AIM OF THE TASK ▸ Would you restate each line of the data below word for word, without its pictures?

GIVEN DATA ▸
━━━━━━━━━━━━━━━━━━━━

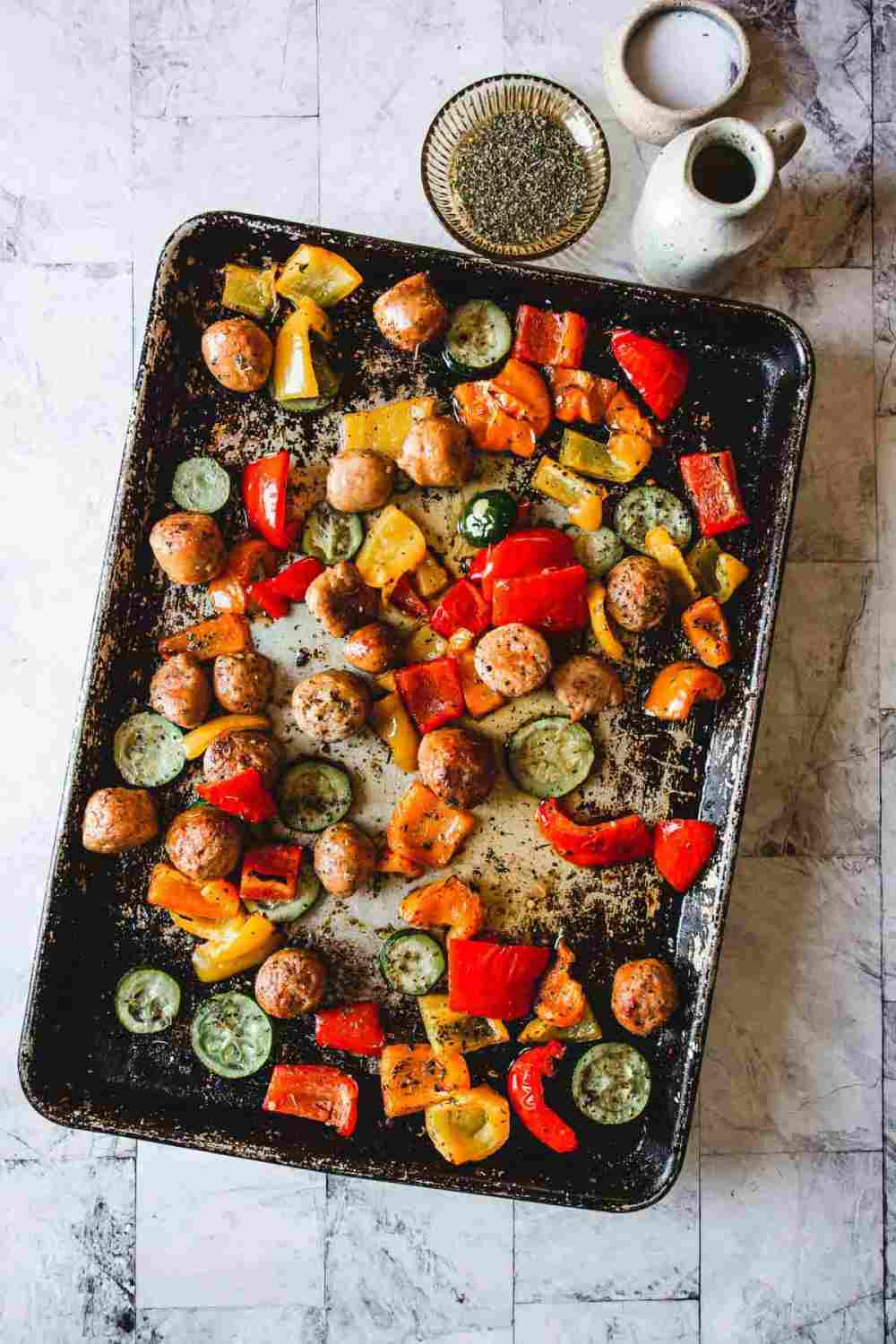 Sheet Pan Chicken Sausage and Veggies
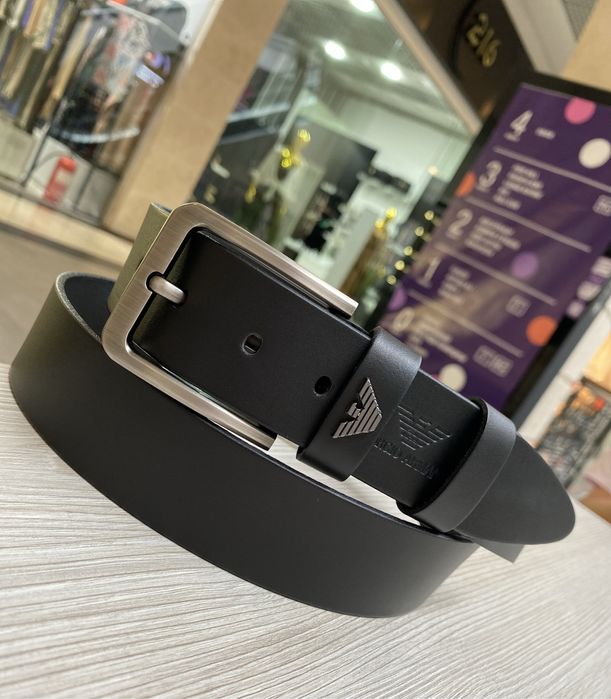 Ремень мужской кожаный (ar857)/ ремінь чоловічий шкіряний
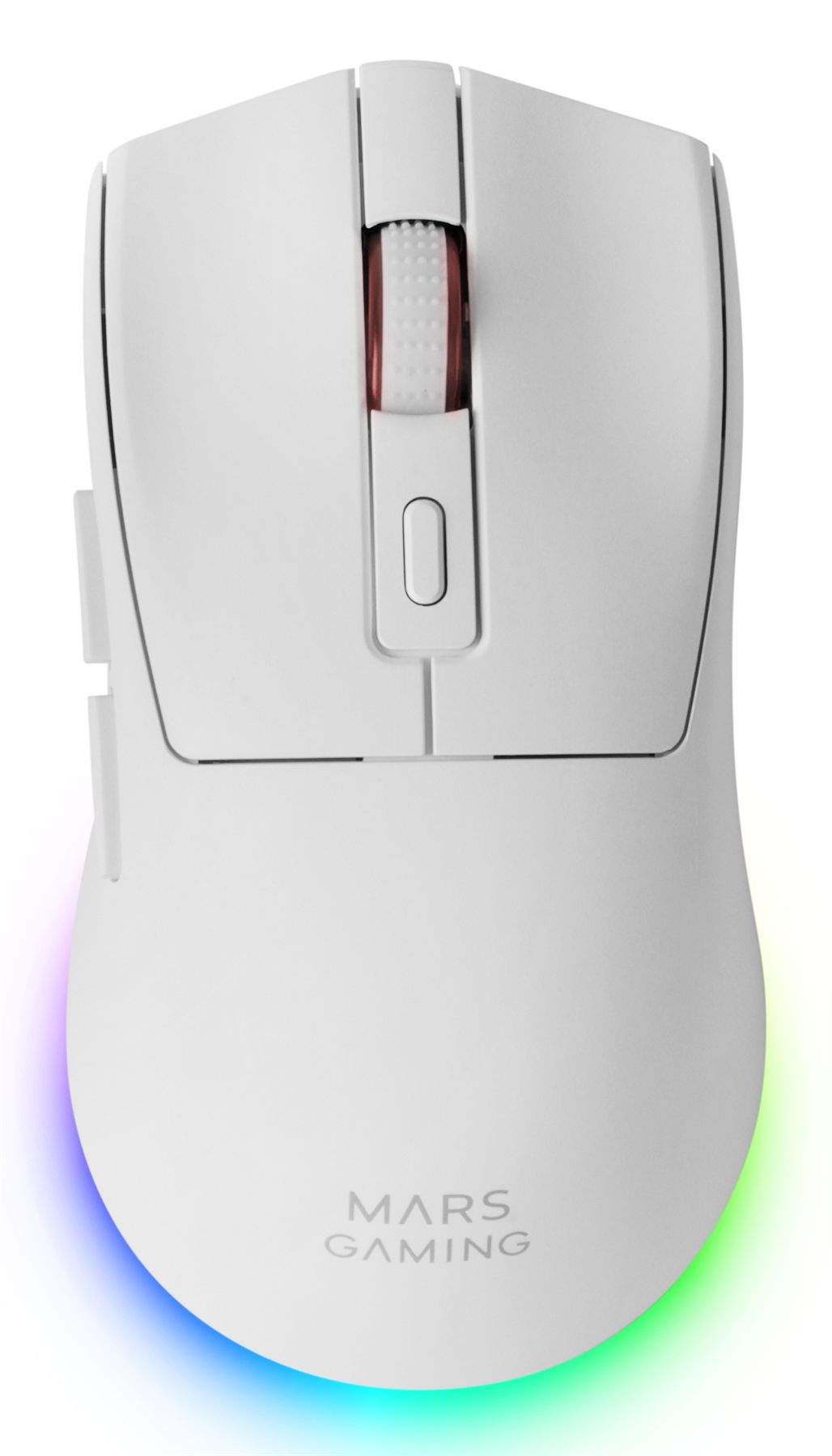 Ratón Gaming Inalámbrico Mars Gaming Mm-T3/ Batería Recargable/ Hasta 14400 Dpi/ Blanco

━━━━━━━━━━━━━━━━━━━━

SOLUTION FOR THIS PROBLEM ▸
 Sheet Pan Chicken Sausage and Veggies
 Ремень мужской кожаный (ar857)/ ремінь чоловічий шкіряний
 Ratón Gaming Inalámbrico Mars Gaming Mm-T3/ Batería Recargable/ Hasta 14400 Dpi/ Blanco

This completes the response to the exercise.